▶ **TASK GOAL**
Copy the complete listing word for word, but do not carry over any images.
(DATASET SECTION)
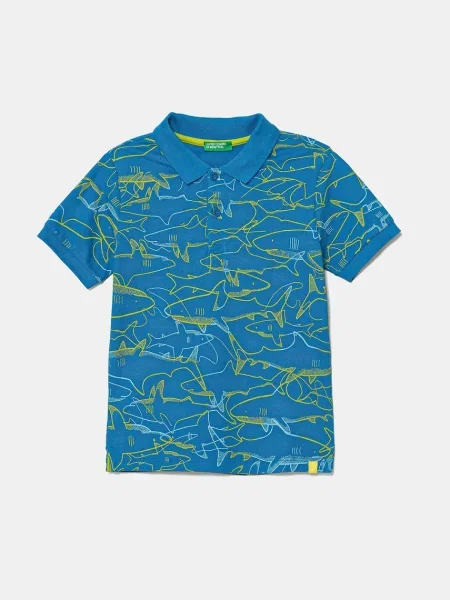 United Colors of Benetton Dětská polokošile modré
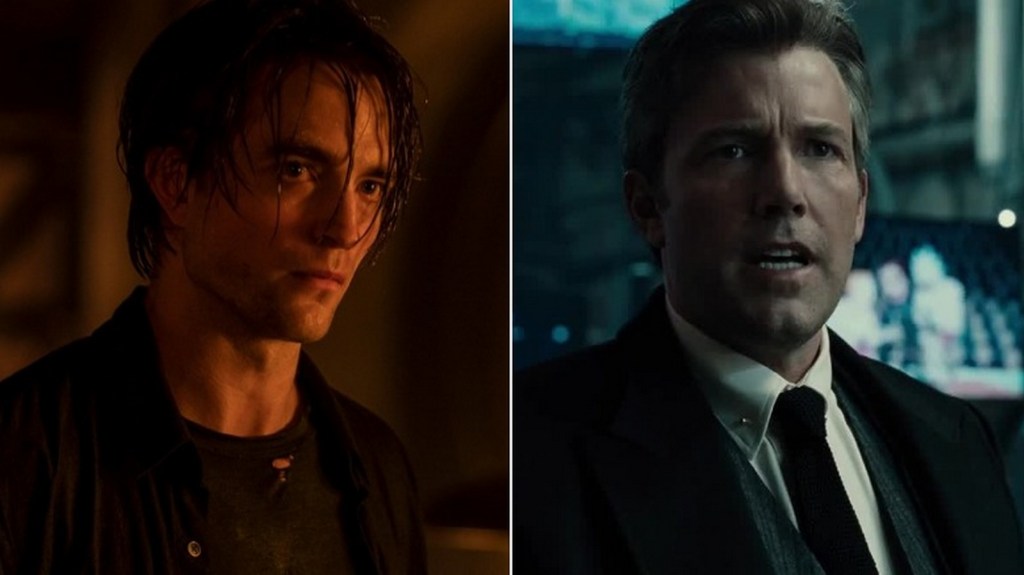 Robert Pattinson and Ben Affleck as Bruce Wayne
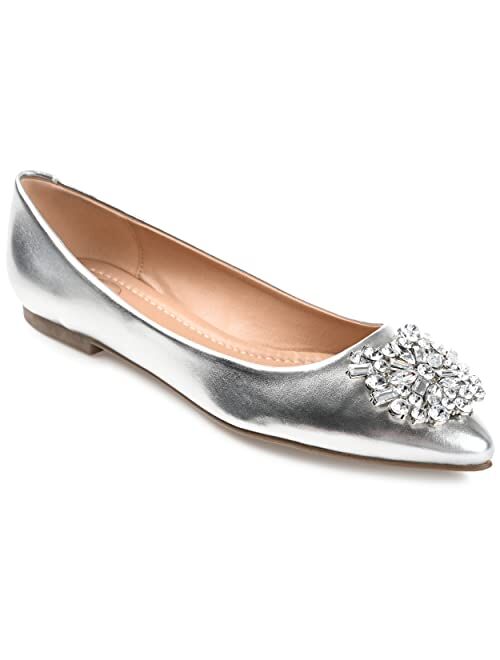 JOURNEE COLLECTION Women's Renzo Jeweled Flats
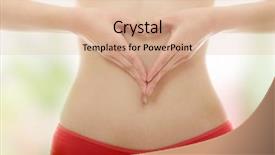  Presentation with surgical hand wash - PPT layouts consisting of digestive - hand on belly background and a lemonade colored foreground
(End DATASET SECTION)
▶ **SOLUTION FOR THIS PROBLEM**
 United Colors of Benetton Dětská polokošile modré
 Robert Pattinson and Ben Affleck as Bruce Wayne
 JOURNEE COLLECTION Women's Renzo Jeweled Flats
  Presentation with surgical hand wash - PPT layouts consisting of digestive - hand on belly background and a lemonade colored foreground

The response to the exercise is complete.